- _WHAT IS EXPECTED_:
Nothing but the lines from the one containing "Custom Transparent Self-adhesive" through the one containing "Best image quality, Focus, Soft", both included, should be given again, each exactly as written below.

- _DATA UNDER STUDY_:
++++++++++
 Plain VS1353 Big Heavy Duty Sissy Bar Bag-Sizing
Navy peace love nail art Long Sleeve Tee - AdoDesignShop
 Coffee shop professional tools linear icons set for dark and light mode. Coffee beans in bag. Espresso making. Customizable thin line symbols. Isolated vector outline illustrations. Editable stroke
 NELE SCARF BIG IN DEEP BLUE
++++++++++
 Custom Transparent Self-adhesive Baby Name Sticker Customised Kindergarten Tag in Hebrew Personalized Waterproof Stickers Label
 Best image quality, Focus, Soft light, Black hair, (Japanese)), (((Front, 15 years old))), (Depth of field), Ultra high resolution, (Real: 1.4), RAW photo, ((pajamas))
++++++++++
- _WRITTEN SOLUTION_:
 Custom Transparent Self-adhesive Baby Name Sticker Customised Kindergarten Tag in Hebrew Personalized Waterproof Stickers Label
 Best image quality, Focus, Soft light, Black hair, (Japanese)), (((Front, 15 years old))), (Depth of field), Ultra high resolution, (Real: 1.4), RAW photo, ((pajamas))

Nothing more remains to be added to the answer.